__GOAL OF THE EXERCISE__: Below are entries; repeat exactly, and nothing else, the lines from the one holding "BOSS Calendar Skytraveller" through the one holding "Foscam FN3108XE-B4-1T 8CH", inclusive. Leave the pictures out.

__PROVIDED RECORDS__:
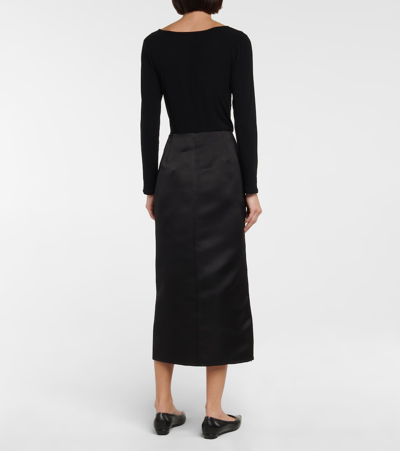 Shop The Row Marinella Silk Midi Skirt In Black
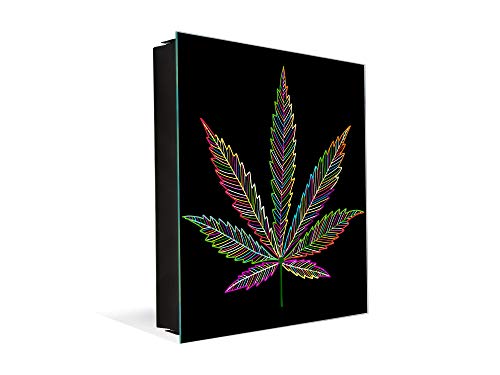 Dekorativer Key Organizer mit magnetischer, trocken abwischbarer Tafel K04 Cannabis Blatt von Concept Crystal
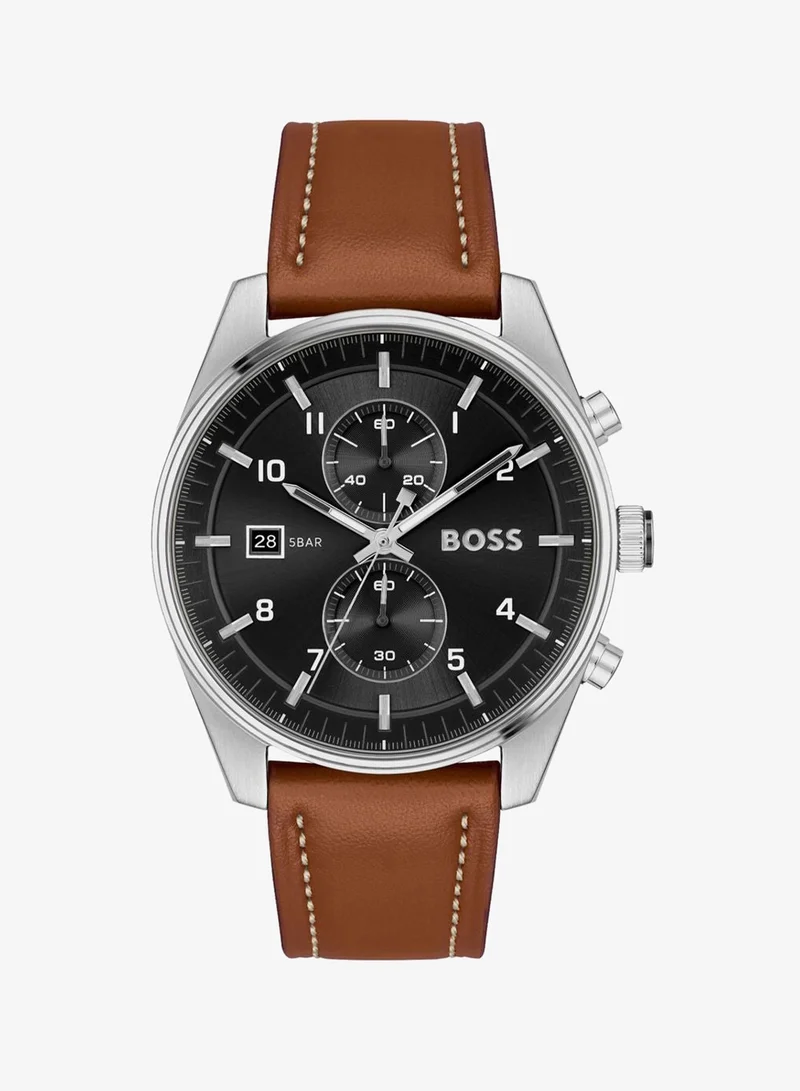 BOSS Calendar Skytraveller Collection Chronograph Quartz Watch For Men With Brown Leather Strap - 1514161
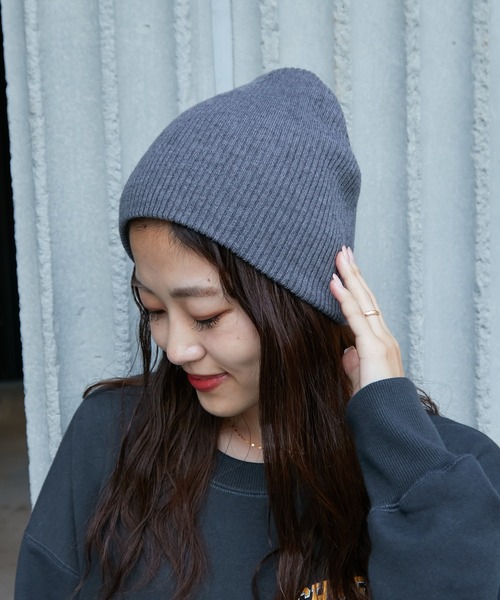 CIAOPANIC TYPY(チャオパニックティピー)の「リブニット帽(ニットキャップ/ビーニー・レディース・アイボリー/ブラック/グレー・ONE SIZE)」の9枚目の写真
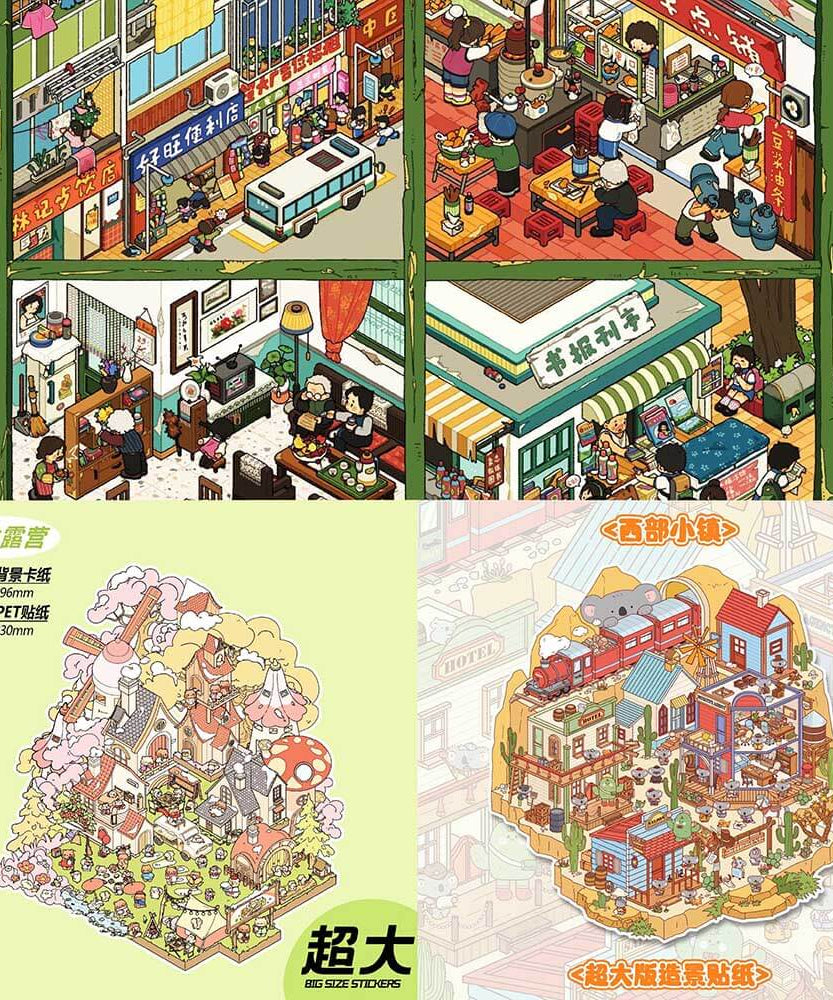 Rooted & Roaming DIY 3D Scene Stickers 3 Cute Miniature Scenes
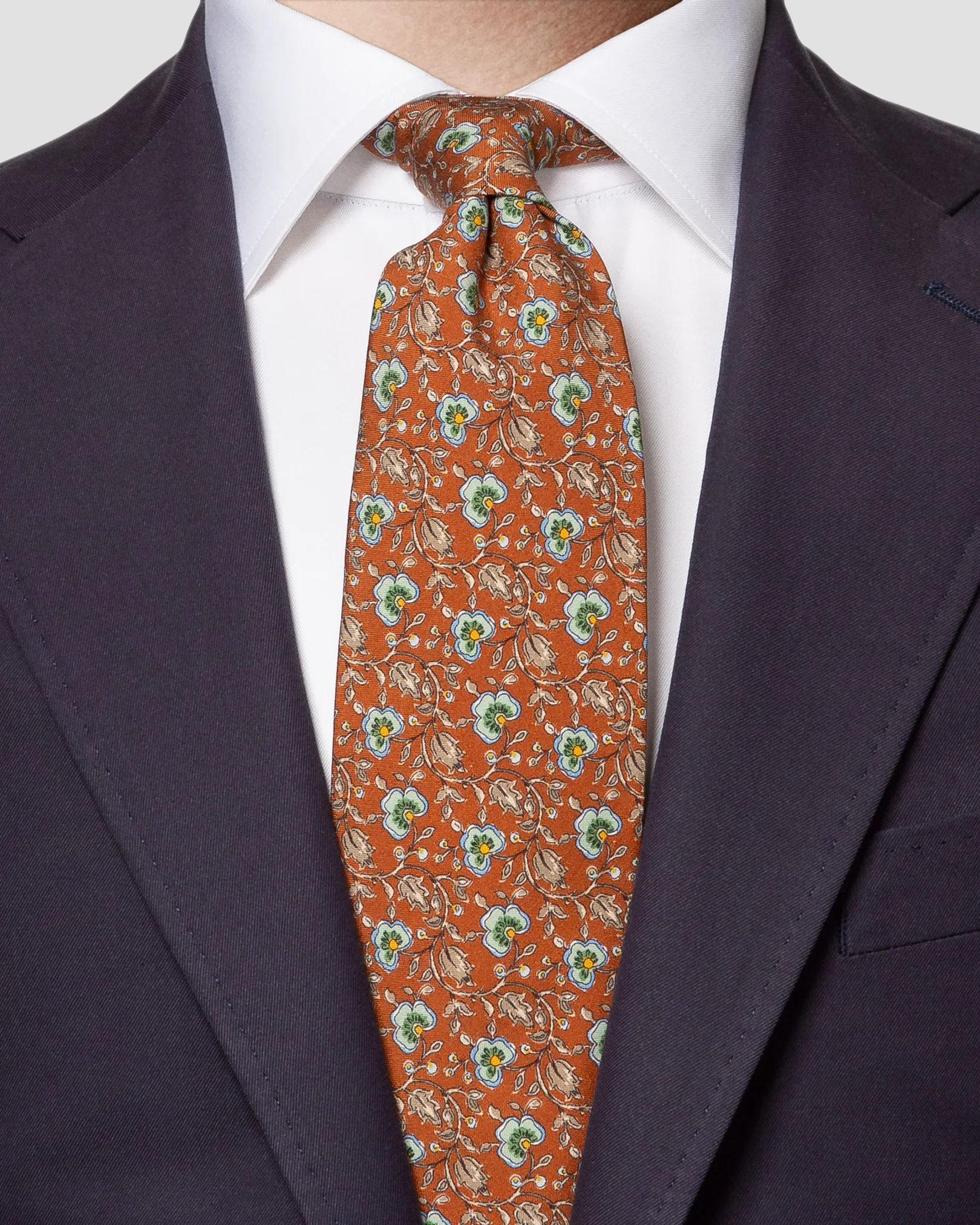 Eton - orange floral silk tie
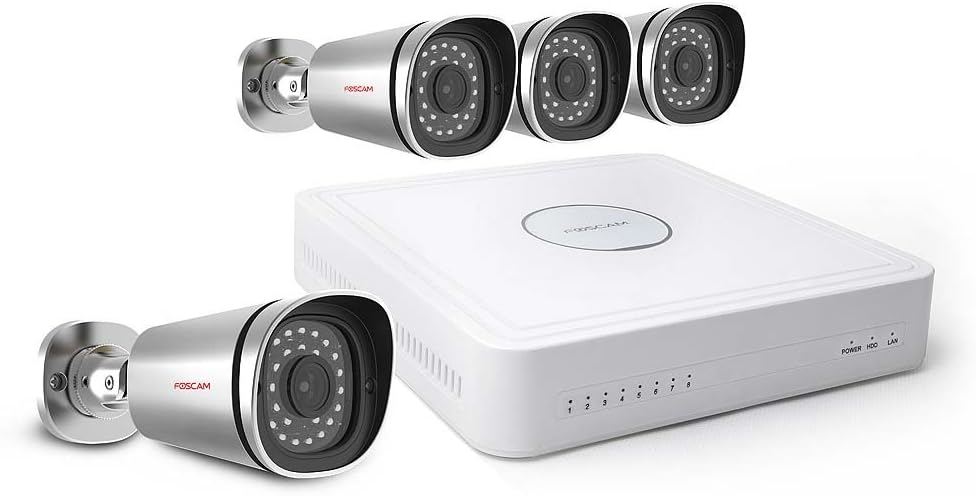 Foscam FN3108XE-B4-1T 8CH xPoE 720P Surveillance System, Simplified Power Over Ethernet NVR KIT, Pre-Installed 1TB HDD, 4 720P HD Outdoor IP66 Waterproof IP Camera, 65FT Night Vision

--

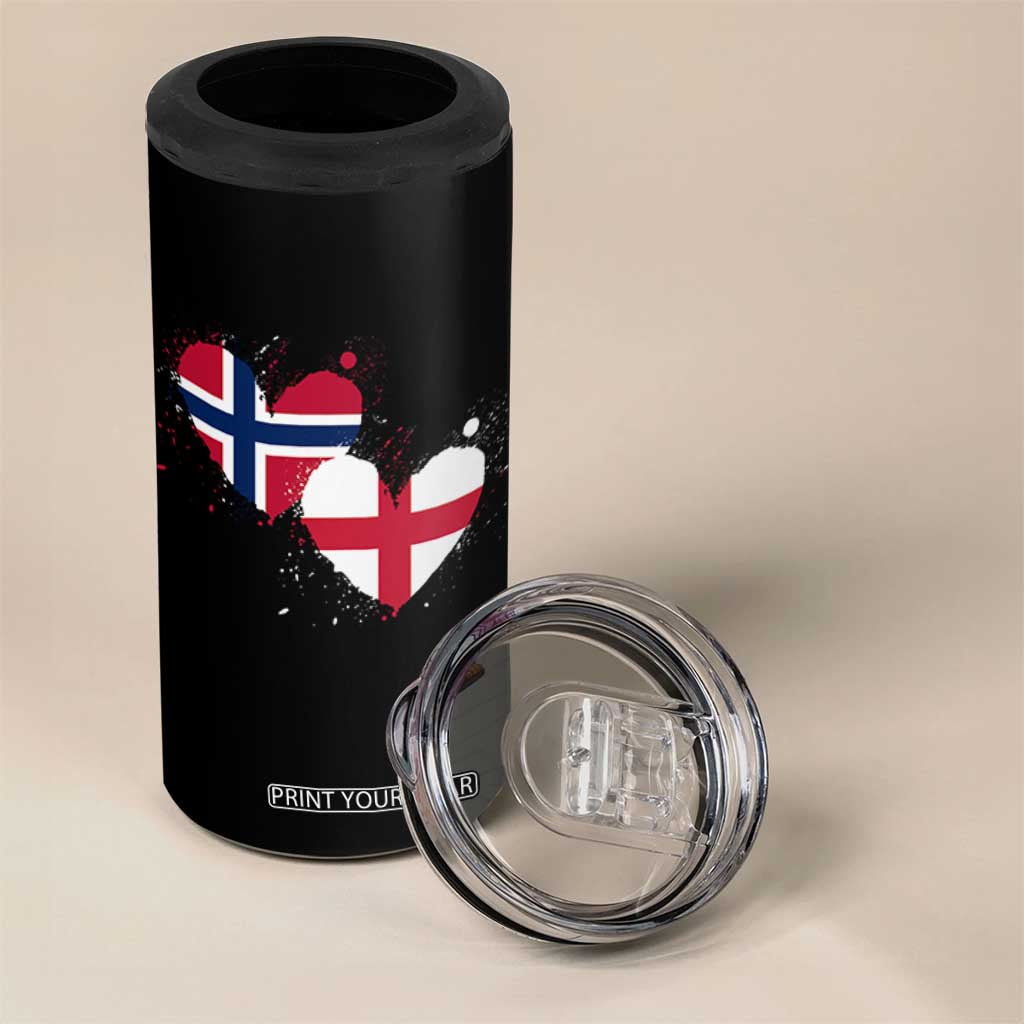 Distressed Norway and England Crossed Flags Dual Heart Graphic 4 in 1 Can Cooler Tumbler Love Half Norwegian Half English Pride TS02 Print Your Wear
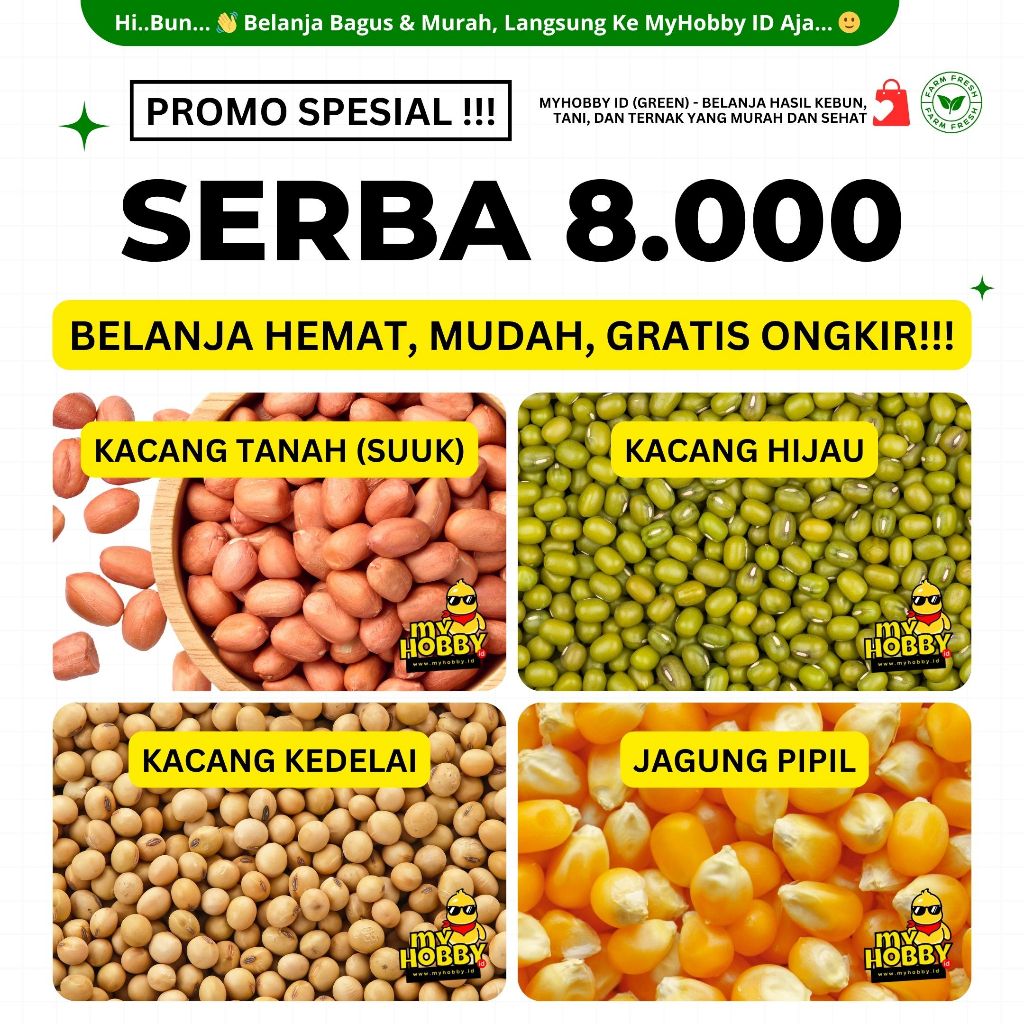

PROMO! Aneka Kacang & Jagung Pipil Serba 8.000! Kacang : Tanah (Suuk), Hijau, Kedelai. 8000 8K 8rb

* * *

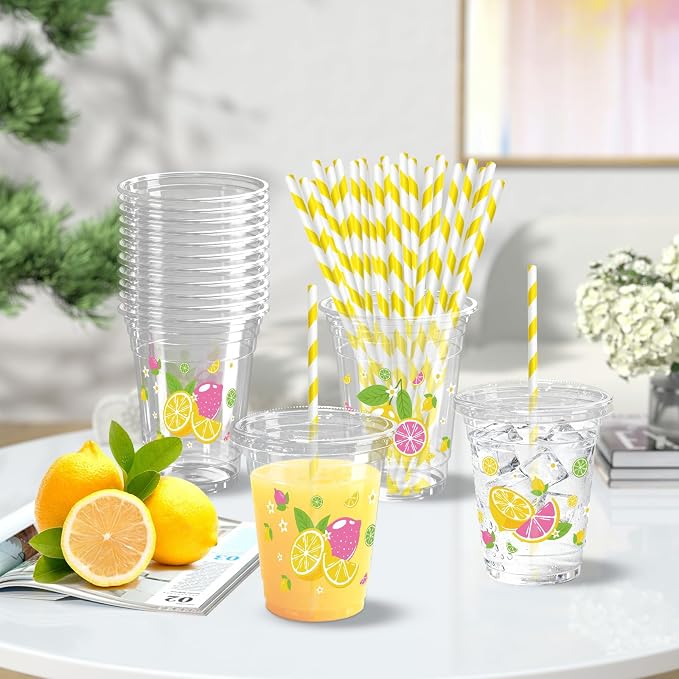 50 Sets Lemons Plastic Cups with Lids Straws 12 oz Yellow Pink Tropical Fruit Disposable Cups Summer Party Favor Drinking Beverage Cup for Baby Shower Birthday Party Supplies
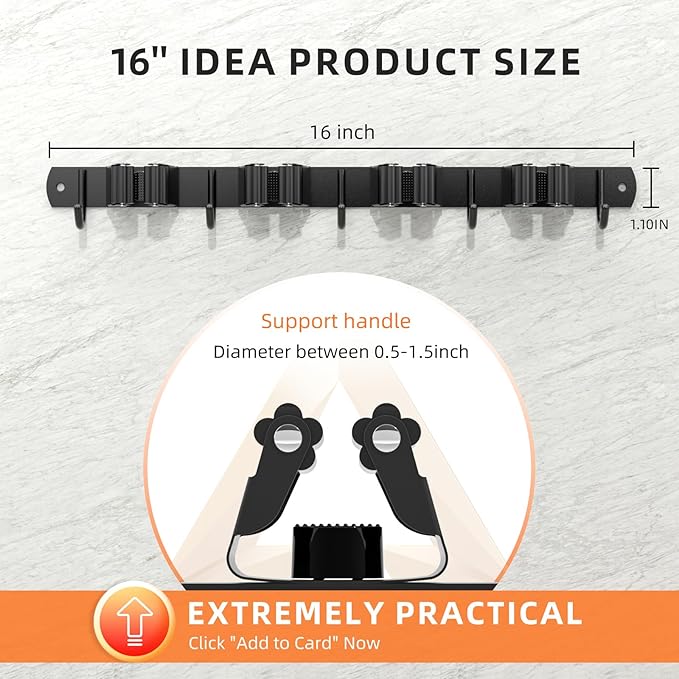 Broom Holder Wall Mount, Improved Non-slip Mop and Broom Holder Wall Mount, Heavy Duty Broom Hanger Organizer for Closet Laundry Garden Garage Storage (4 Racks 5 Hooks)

__SOLUTION FOR THIS TASK__:
 BOSS Calendar Skytraveller Collection Chronograph Quartz Watch For Men With Brown Leather Strap - 1514161
 CIAOPANIC TYPY(チャオパニックティピー)の「リブニット帽(ニットキャップ/ビーニー・レディース・アイボリー/ブラック/グレー・ONE SIZE)」の9枚目の写真
 Rooted & Roaming DIY 3D Scene Stickers 3 Cute Miniature Scenes
 Eton - orange floral silk tie
 Foscam FN3108XE-B4-1T 8CH xPoE 720P Surveillance System, Simplified Power Over Ethernet NVR KIT, Pre-Installed 1TB HDD, 4 720P HD Outdoor IP66 Waterproof IP Camera, 65FT Night Vision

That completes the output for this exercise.